The Extra Step Heston Blumenthal Takes For Ultra Crispy French Fries

Known as a kind of culinary alchemist for his unique approach to food, Heston Blumenthal has turned food science into multi-sensory experiences, and by combining unique flavors and dining room theatrics, he's earned a reputation as one of Britain's top chefs, according to Fine Dining Lovers. From wall paper that can be licked to edible fairy lights and meat fruit, Blumenthal told Vogue India that the key to creative culinary success is to believe anything is possible and to never give up. So, as we set out to make the crunchiest, crispiest fries you've ever tasted, keep his motto in mind.

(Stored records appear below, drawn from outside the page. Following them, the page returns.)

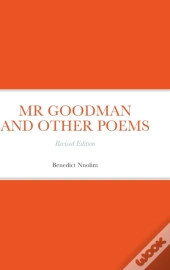 Mr Goodman And Other Poems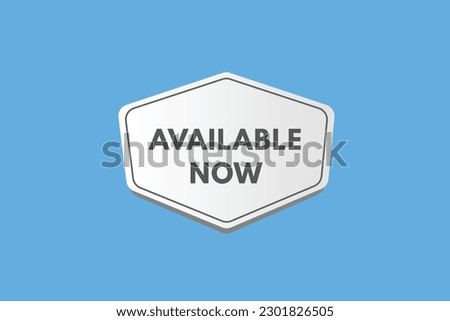 Available Now text Button. Available Now Sign Icon Label Sticker Web Buttons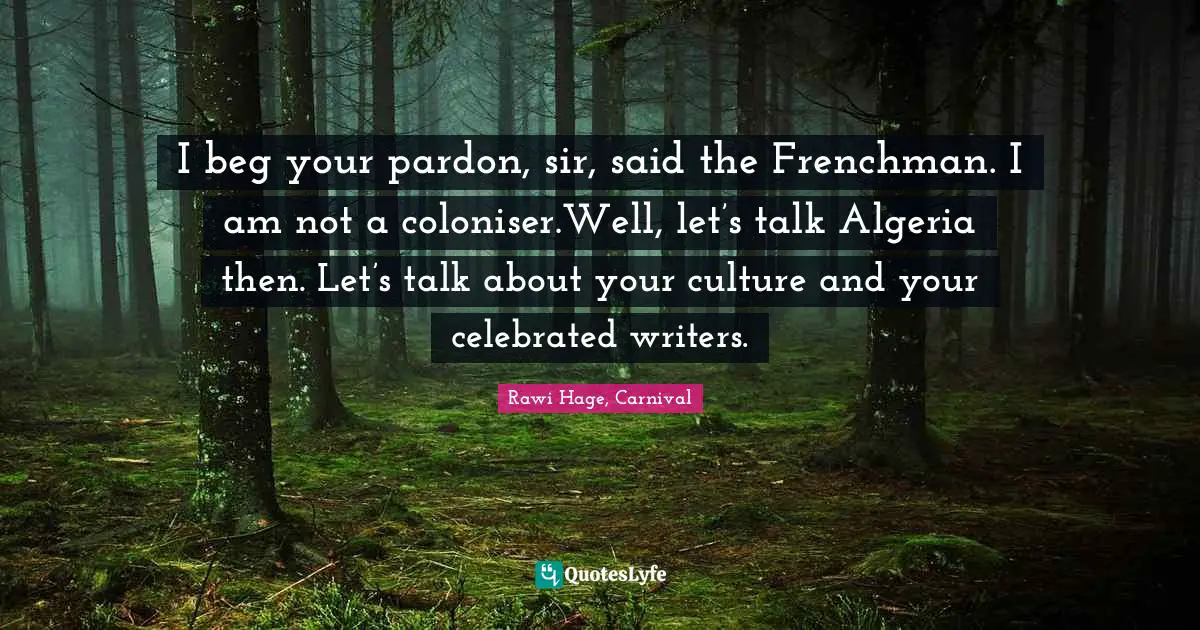 I beg your pardon, sir, said the Frenchman. I am not a coloniser.Well, let’s talk Algeria then. Let’s talk about your culture and your celebrated writers.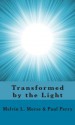 Transformed by the Light: The Powerful Effect of Near-Death Experiences on People's Lives - Melvin L. Morse, Paul Perry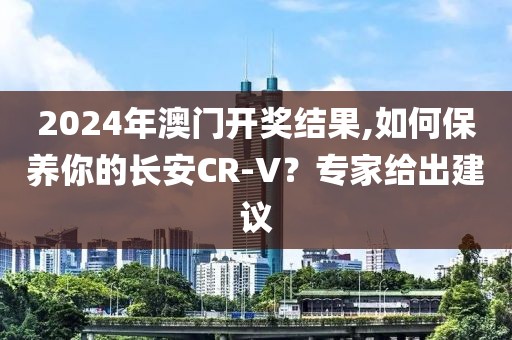 2024年澳门开奖结果,如何保养你的长安CR-V？专家给出建议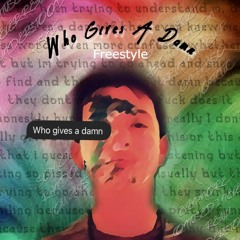 Who Gives A Damn (Freestyle)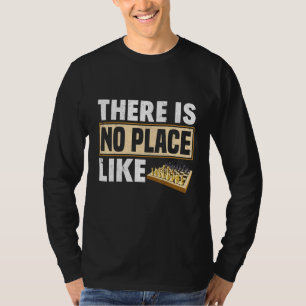 There Is No Place Like Chess Board Checkmate Queen T-Shirt
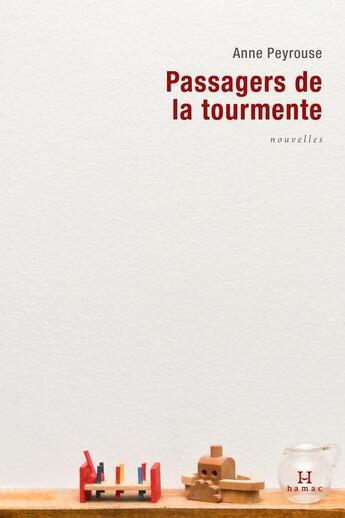 Couverture du livre « Passagers de la tourmente » de Peyrouse Anne aux éditions Editions Somme Toute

Making perfect french fries can seem like an elusive task, but Blumenthal has tips to help home chefs place crispy fries confidently onto kitchen tables. Arran victory potatoes are the best, Blumenthal explains to BBC Studios, and the way you prepare the potatoes can make or break the texture of the fries you're hoping to serve. To start, cut the potatoes into regular-sized pieces; If the cuts are too thick, you'll end up with soggy fries — and that's what we're trying to prevent.

Crispy fries will be your reward

Once the potatoes have been cut, place them into a bowl of water with running tap water to remove some of the starch, Blumenthal advises BBC Studios. These washed potatoes will be simmered in lightly salted water for 10 to 20 minutes, until the potatoes are close to breaking. This step requires some attention, however, as the potatoes shouldn't be cooked so long that they break. This step helps create nooks and crannies on the potatoes' surface for oil to cling to and results in a crisper, crunchier fry.

After the potatoes have simmered, place them on a rack to dry before setting the tray into the refrigerator. After 30 minutes, a rough surface will form on each of the potatoes. This crystalized texture will also contribute to building that extra crispy crunch, encourages Blumenthal. 

Next, remove the potatoes from the fridge and place them in hot oil for their first frying. When the outside of the fries have turned light golden, take them out of the pan, drain, and again set them back into the fridge to cool and dry. Remember: Don't give up. For the final step, the cooled potatoes will be added back into the hot oil for their final frying. Though the process may seem laborious, if it results in perfectly crispy fries made at home and we think the effort is worth it.